Although physically remaining in America, businesses are stripping themselves of their U.S. citizenship by taking up tax residences overseas. They then become citizens of that foreign nation.
For instance, Walgreens, whose founding family gave our culture the iconic American drug store lunch counter, wants to be Swiss. Pfizer, begun from scratch by a German-American in a small brick building in New Jersey, prefers to be British.
So far, according to the nonpartisan Congressional Research Service, 72 companies have renounced their U.S. citizenship since 1983. But – get this – they’re keeping all the benefits that come from being “a person” in America. According to Bloomberg Financial News, their reasons for fleeing “had nothing to do with manufacturing costs or access to foreign markets. It was to escape taxes.”
Sadly, it’s simple greed.
The Economic Policy Institute is a Washington think tank created to include low- and middle-income workers’ interests in economic discussions. The EPI’s Thomas Hungerford discovered that AbbVie, a Chicago business, would rather be Irish, and Mylan, a Pittsburgh business, wants to become a Dutch firm.
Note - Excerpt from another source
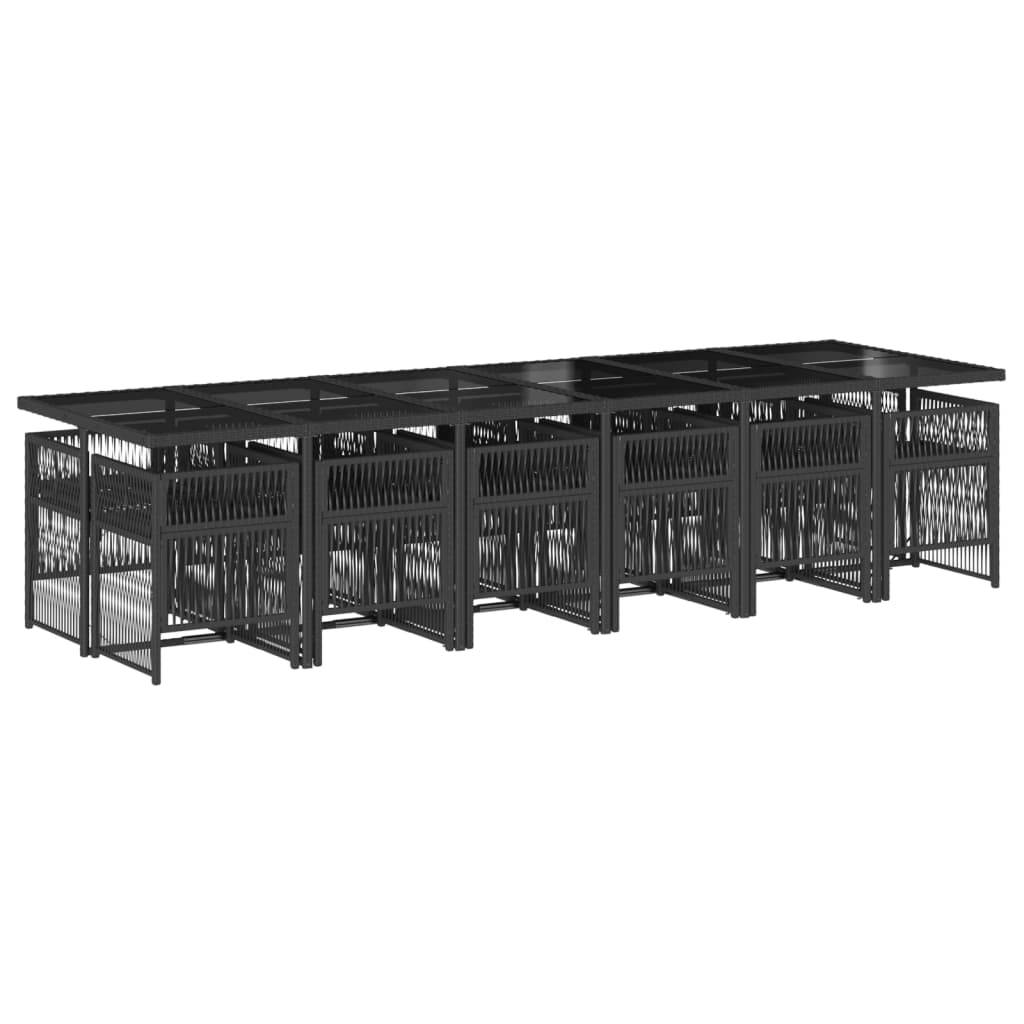 Grande Table de Jardin 330cm et 12 Chaises Noires en Résine Tressée, Salon Encastrable pour 12 Personnes – ComfortXL Outdoor Living - Image 3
Hungerford says these companies are fleeing our “dysfunctional corporate income tax system.” There is agreement in Congress that we need comprehensive tax reform. But when House Ways and Means Committee Chairman Dave Camp, R-Mich., ran a bill by House Speaker John Boehner, his first reaction was literally, “Blah, blah, blah, blah.”
Sen. Elizabeth Warren, D-Mass., doesn’t think corporate tax reform is “blather.” She nails it: “These companies are renouncing their American citizenship, turning their backs on this country, simply to boost their profits. They are taking advantage of all the good things that our government helps provide – educated workers … patent and copyright protections – and then running out on the bill.”
After two dozen American corporations had become foreign citizens a few years ago, two economists, Mihir A. Desai of Harvard University and James R. Hines Jr. of the University of Michigan, studied the impact.
Their 2002 study found that “market participants raised their expectations of future cash flows by more than could be justified (through) reduced repatriation taxes.”
Stephen Shea, a former Treasury official during the Reagan administration, has urged President Obama to take action on his own. Shea says invoking regulatory power from Section 385 of the Tax Code would be a “slam dunk” for the president and should stop many corporate flights for greed in their tracks. The law can stop a drain of billions from Treasury revenue that working- and middle-class citizens could have to make up out of their own pockets.
This is simply one of those issues for which Congress must end its stonewalling and focus on a comprehensive tax package that will ensure we have a revenue base to pay for essential government services.
Lawmakers cannot continue to say they are for tax reform but refuse to deal with it. Some are even saying it’s no big deal if a company isn’t American. What? How can corporate executives think of their companies as being American when they willfully choose to make them citizens of a foreign nation?
“People should not dawdle,” Shea says. Members of Congress have gone home to their districts or off on vacation. If a former Reagan official thinks business tax avoidance is so critical that it requires President Obama to go after these sunshine patriots with existing law, he should consider doing it.